Emeka explains that the United Arab Emirates (UAE) has something of a split system. Public sector hospitals primarily serve Emiratis, who are provided with healthcare by the government. Foreign workers in the UAE are required to carry insurance and typically see private providers.

As a result, the risk profile is very different. It is there, though, with several key ones to manage.

The first is licensing. The UAE relies upon medical professionals who come from all over the world and have vastly different training and backgrounds. All must be qualified and licensed locally, which represents a substantial undertaking.

The second common risk area is conflicts of interest, which is focused on interactions with pharmaceutical and medical device manufacturers. To ensure that there is undue influence, contact between clinicians and providers may be completely prohibited.

As is the case elsewhere in the world, privacy is also a significant concern, and in the UAE it has grown to be a greater challenge now that there is a new, tougher law.
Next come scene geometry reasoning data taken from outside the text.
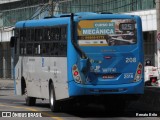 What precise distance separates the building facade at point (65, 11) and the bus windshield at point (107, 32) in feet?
44.1

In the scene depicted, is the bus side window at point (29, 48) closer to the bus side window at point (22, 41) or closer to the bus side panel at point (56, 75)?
the bus side window at point (22, 41)

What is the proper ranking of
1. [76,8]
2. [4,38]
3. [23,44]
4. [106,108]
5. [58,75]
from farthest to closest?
[4,38], [76,8], [23,44], [106,108], [58,75]

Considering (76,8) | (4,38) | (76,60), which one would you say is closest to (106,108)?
(76,60)

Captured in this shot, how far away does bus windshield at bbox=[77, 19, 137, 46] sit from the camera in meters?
18.2

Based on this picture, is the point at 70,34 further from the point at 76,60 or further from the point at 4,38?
the point at 4,38

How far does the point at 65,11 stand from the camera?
60500 mm

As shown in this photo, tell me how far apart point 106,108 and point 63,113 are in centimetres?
209

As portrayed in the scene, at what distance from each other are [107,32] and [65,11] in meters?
Result: 42.4

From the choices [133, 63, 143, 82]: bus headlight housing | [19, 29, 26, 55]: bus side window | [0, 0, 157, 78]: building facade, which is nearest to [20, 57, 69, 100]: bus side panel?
[19, 29, 26, 55]: bus side window

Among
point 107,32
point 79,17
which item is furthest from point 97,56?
point 79,17

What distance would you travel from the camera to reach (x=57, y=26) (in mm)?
19391

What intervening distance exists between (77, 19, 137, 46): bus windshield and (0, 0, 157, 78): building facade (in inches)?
529

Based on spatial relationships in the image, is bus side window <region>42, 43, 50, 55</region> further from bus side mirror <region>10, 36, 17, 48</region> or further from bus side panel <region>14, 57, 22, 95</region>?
bus side mirror <region>10, 36, 17, 48</region>

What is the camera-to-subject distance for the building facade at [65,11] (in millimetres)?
46422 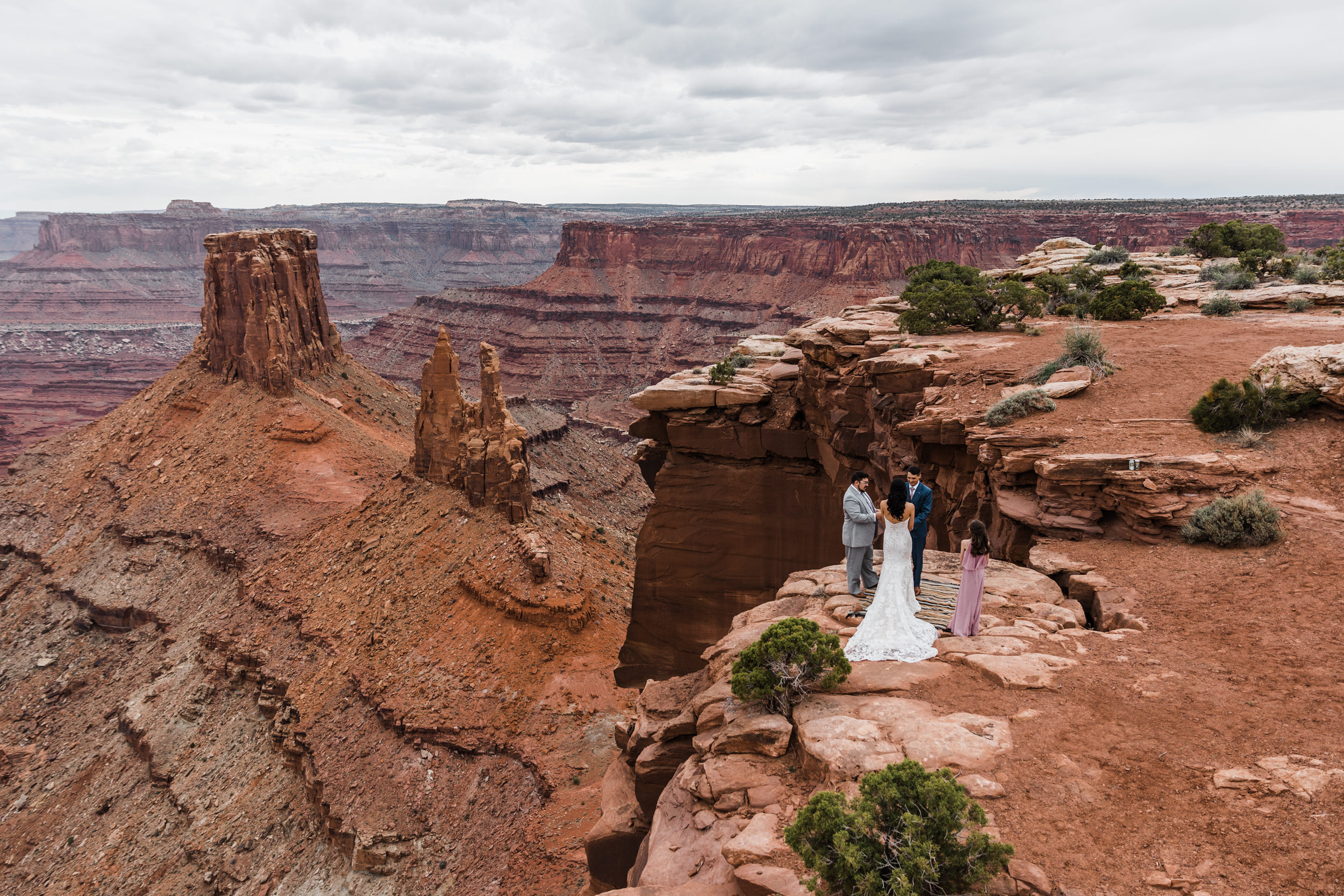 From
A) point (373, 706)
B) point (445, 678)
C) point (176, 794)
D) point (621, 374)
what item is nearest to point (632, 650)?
point (445, 678)

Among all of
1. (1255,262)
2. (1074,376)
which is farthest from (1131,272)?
(1074,376)

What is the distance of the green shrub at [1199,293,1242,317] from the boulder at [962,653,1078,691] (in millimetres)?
17237

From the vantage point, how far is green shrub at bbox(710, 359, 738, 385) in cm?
2288

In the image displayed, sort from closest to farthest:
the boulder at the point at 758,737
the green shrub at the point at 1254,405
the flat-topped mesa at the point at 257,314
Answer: the boulder at the point at 758,737 < the green shrub at the point at 1254,405 < the flat-topped mesa at the point at 257,314

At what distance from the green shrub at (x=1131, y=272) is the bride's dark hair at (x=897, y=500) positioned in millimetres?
20695

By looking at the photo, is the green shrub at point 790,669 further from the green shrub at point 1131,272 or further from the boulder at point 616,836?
the green shrub at point 1131,272

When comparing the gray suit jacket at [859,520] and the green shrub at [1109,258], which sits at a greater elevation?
the green shrub at [1109,258]

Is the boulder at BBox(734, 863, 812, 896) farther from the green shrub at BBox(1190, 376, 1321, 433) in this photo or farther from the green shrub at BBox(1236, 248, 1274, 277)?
the green shrub at BBox(1236, 248, 1274, 277)

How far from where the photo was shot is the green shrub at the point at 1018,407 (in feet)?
50.0

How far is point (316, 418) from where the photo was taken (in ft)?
147

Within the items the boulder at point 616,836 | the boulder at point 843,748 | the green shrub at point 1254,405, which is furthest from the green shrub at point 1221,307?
the boulder at point 616,836

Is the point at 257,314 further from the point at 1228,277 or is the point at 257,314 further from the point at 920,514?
the point at 1228,277

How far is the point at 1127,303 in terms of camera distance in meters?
22.8

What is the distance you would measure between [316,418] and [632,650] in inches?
1152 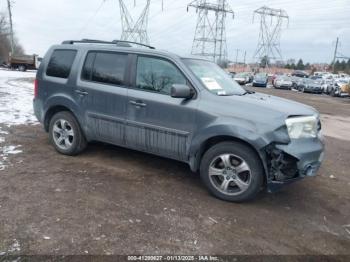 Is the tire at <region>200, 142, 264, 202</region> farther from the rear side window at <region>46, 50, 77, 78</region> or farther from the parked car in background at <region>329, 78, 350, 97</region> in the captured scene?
the parked car in background at <region>329, 78, 350, 97</region>

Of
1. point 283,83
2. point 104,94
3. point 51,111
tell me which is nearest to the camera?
point 104,94

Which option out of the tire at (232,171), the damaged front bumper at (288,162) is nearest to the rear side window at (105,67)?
the tire at (232,171)

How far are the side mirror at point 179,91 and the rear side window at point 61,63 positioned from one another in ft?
7.27

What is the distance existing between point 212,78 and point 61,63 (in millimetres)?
2640

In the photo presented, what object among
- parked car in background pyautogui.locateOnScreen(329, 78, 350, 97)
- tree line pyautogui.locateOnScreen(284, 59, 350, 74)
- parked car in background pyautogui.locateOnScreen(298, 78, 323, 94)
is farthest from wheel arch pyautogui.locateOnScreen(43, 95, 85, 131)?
tree line pyautogui.locateOnScreen(284, 59, 350, 74)

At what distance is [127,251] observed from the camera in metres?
3.28

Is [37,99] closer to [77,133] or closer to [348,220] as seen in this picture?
[77,133]

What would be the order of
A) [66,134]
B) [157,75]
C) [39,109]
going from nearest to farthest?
[157,75]
[66,134]
[39,109]

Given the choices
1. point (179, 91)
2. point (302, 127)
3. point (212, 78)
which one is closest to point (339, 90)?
point (212, 78)

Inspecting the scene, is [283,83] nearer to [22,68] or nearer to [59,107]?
[22,68]

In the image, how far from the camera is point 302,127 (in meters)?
4.42

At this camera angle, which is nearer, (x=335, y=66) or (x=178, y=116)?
(x=178, y=116)

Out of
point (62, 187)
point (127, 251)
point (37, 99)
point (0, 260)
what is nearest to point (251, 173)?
point (127, 251)

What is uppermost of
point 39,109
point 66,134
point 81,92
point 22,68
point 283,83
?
point 81,92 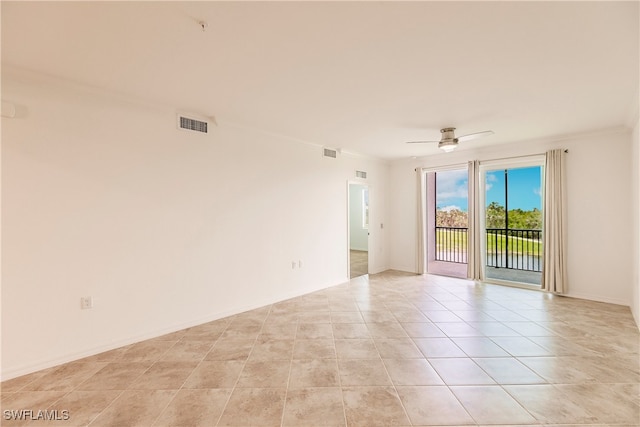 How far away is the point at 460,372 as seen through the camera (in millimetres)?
2385

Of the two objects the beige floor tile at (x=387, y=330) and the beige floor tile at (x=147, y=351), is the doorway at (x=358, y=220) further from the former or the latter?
the beige floor tile at (x=147, y=351)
So, is working in the UAE in healthcare right for you? Emeka recommends asking yourself if you have a sense of adventure. As importantly, ask the same about your family and what impact a move may have on them.

If you do decide to take the plunge and find a potential opportunity, assess it like you would any other compliance position. Look at the organization and its governance structure: Will you have access to the senior level of the organization?

Question carefully their approach to compliance and ethics. While it may likely not be as advanced as what you are used to in the US, if the tone and the commitment are there it’s worth considering, especially because there is a growing emphasis on accountability, corporate responsibility and ethics in the UAE. That portends well for the future.